The aim of this review was to characterize, quantify, and compare straight-line running and multi-directional demands during sport competition.

Data Sources

A systematic review of PubMed, CINAHL, SPORTDiscus, and Cochrane Central Register of Controlled Trials databases was conducted.

Study Eligibility Criteria

Studies that reported time-motion analysis data on straight-line running, accelerations/decelerations, activity changes, jumping, cutting, or lateral movement over the course of an entire competition in a multi-directional sport (soccer, basketball, lacrosse, handball, field hockey, futsal, volleyball) were included.

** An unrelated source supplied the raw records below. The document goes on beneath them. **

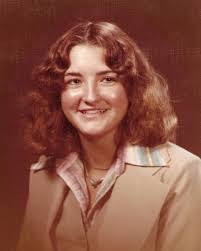 Diane Comstock's Instagram, Twitter & Facebook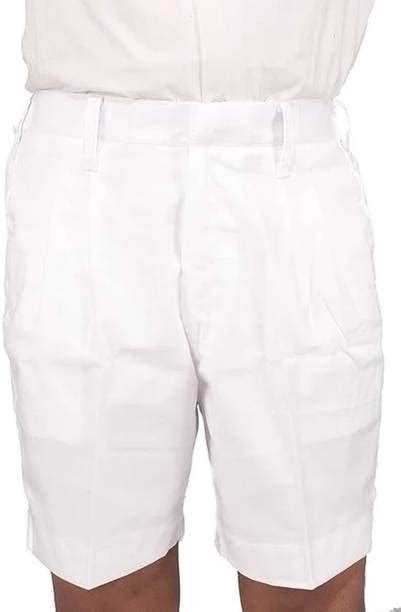 KV Uniform - Buy Kendriya Vidyalaya Uniform | KV School Uniform online ...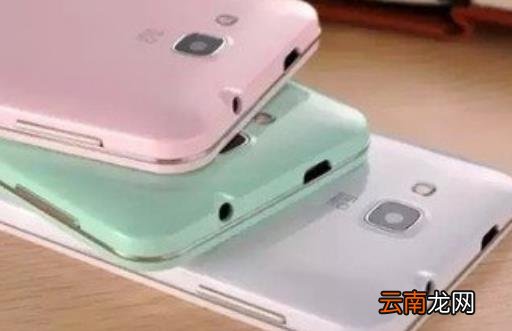 旧手机的妙用 让“曾经的伙伴”继续发挥余热
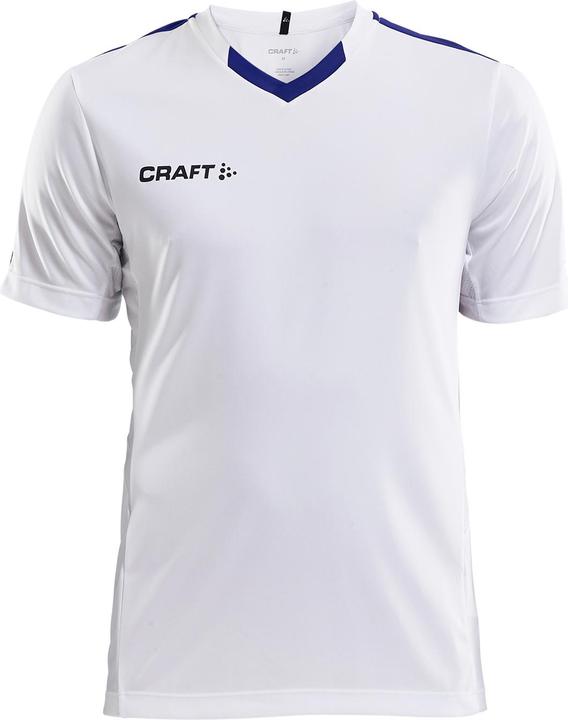 Craft Progress Jersey Contrast M
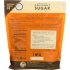 Organic Coconut Sugar, Blonde, 32 oz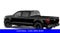 2026 Ford F-150 Lariat In-Transit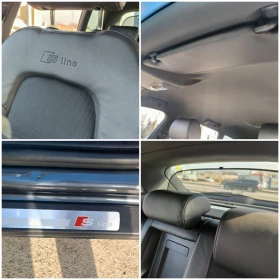 Audi A3 2.0TFSI Automatic S line - 7900 лв. / 4039.21 € - 10879304 16 | Car24.bg Audi A3 2.0TFSI Automatic S line - 7900 лв. / 4039.21 € - 10879304 16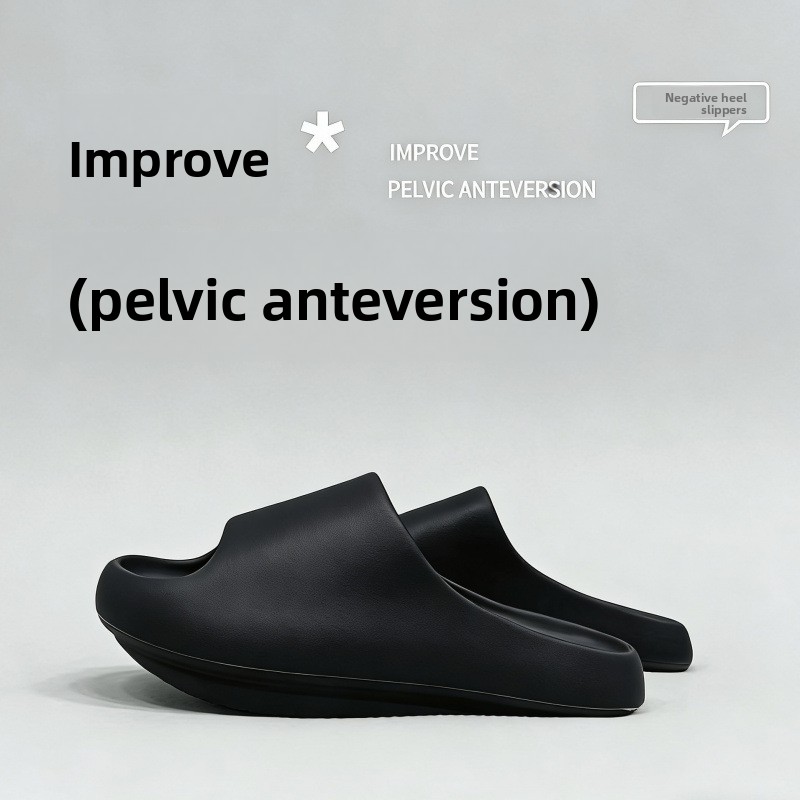 Negative heel shoes for women, - Women'S Shoes And Accessories recension och pris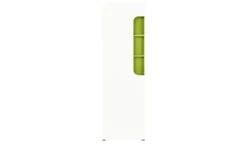 Kleiderschrank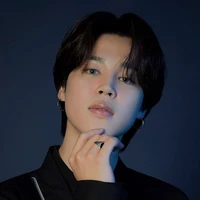 Jimin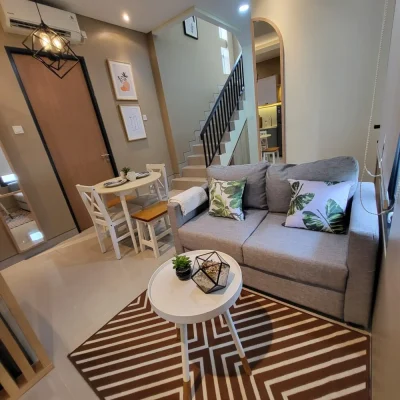 20211207_160057-scaled-1 (1)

Study Appraisal and Synthesis Methods

Data was organized based on sport, age level, and sex and descriptive statistics of the frequency, intensity, time, and volume of the characteristics of running and multi-directional demands were extracted from each study.

Results

Eighty-one studies were included in the review (n = 47 soccer, n = 11 basketball, n = 9 handball, n = 7 field hockey, n = 3 futsal, n = 4 volleyball). Variability of sport demand data was found across sports, sexes, and age levels. Specifically, soccer and field hockey demanded the most volume of running, while basketball required the highest ratio of high-intensity running to sprinting. Athletes change activity between 500 and 3000 times over the course of a competition, or once every 2–4 s. Studies of soccer reported the most frequent cutting (up to 800 per game), while studies of basketball reported the highest frequency of lateral movement (up to 450 per game). Basketball (42–56 per game), handball (up to 90 per game), and volleyball (up to 35 per game) were found to require the most jumping.

Limitations

These data may provide an incomplete view of an athlete's straight-line running load, considering that only competition and not practice data was provided.

Conclusions

Considerable variability exists in the demands of straight-line running and multi-directional demands across sports, competition levels, and sexes, indicating the need for sports medicine clinicians to design future rehabilitation programs with improved specificity (including the type of activity and dosage) to these demands.